Once the pictures are set aside, transcribe the remaining data exactly.

Collected material
***
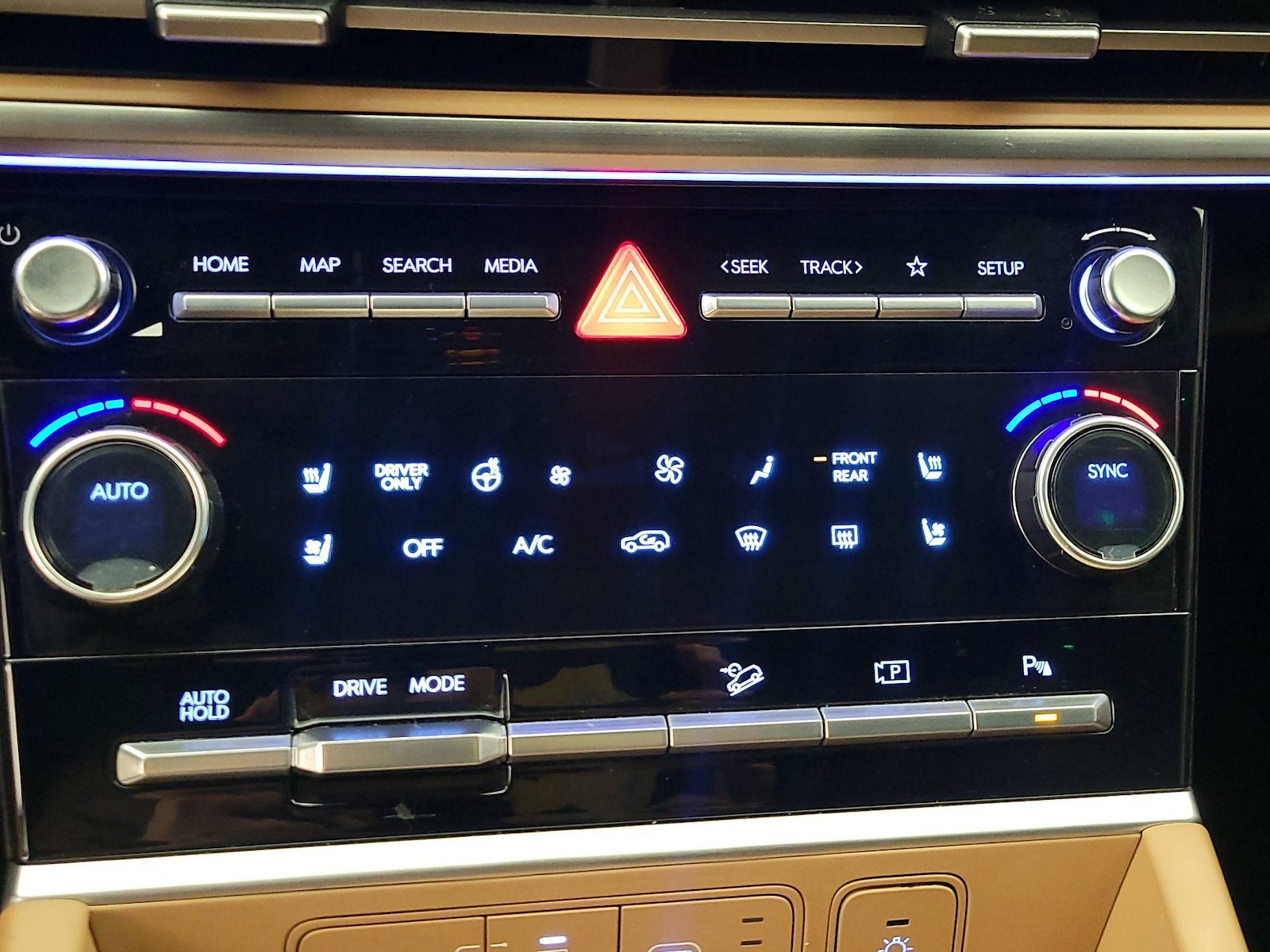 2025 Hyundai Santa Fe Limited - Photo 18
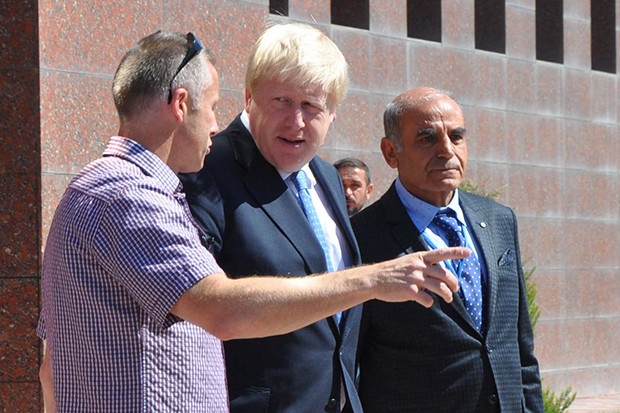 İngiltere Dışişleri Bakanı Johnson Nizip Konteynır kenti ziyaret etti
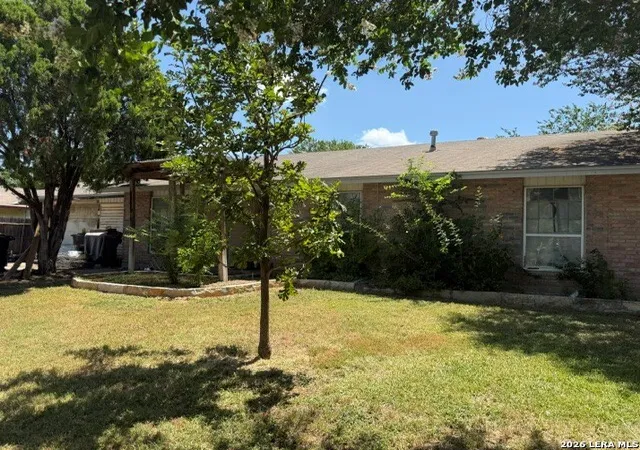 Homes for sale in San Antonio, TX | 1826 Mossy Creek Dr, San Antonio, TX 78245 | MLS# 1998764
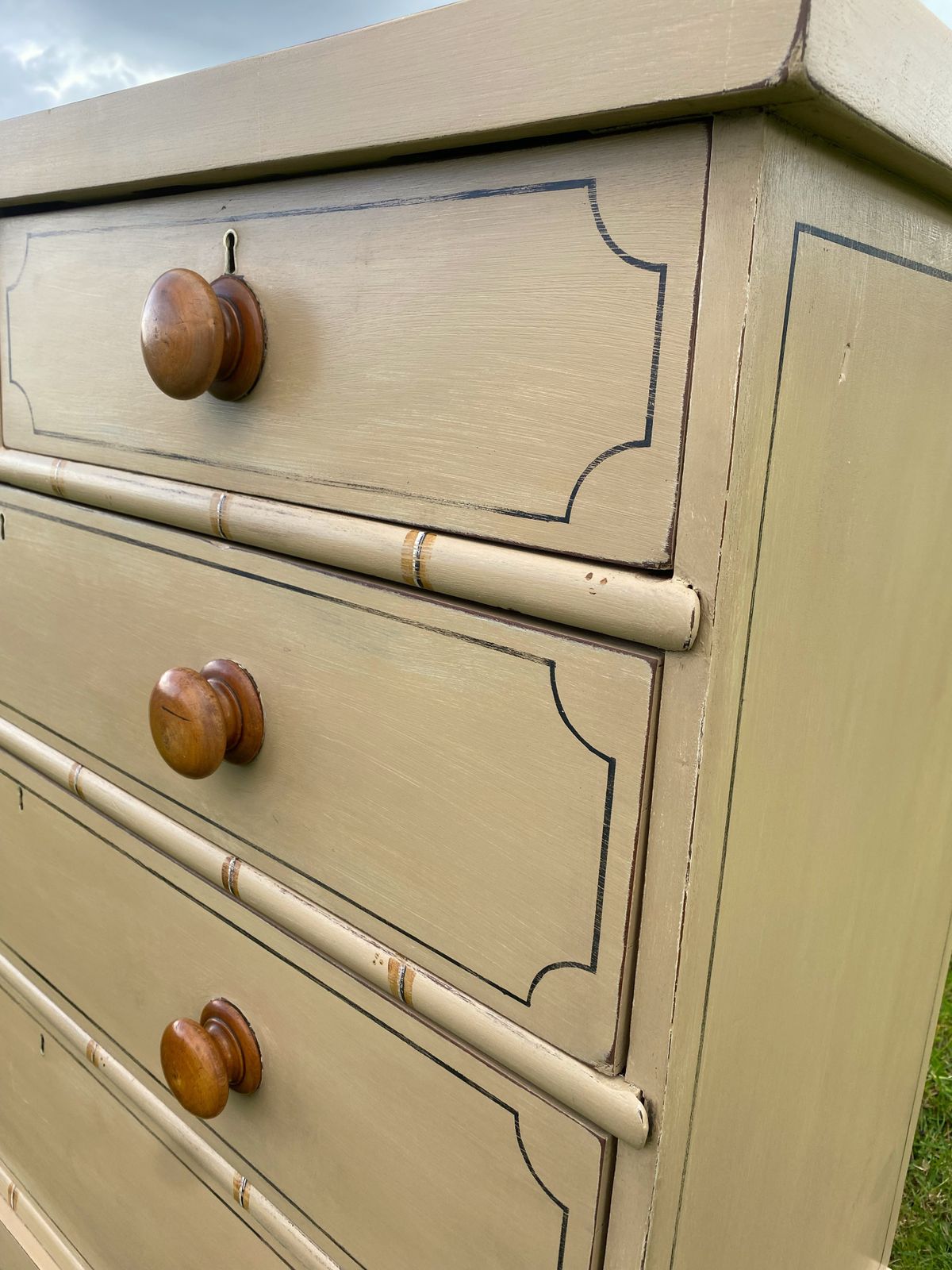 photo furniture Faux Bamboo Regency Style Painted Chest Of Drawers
***
Solution to this exercise
 2025 Hyundai Santa Fe Limited - Photo 18
 İngiltere Dışişleri Bakanı Johnson Nizip Konteynır kenti ziyaret etti
 Homes for sale in San Antonio, TX | 1826 Mossy Creek Dr, San Antonio, TX 78245 | MLS# 1998764
 photo furniture Faux Bamboo Regency Style Painted Chest Of Drawers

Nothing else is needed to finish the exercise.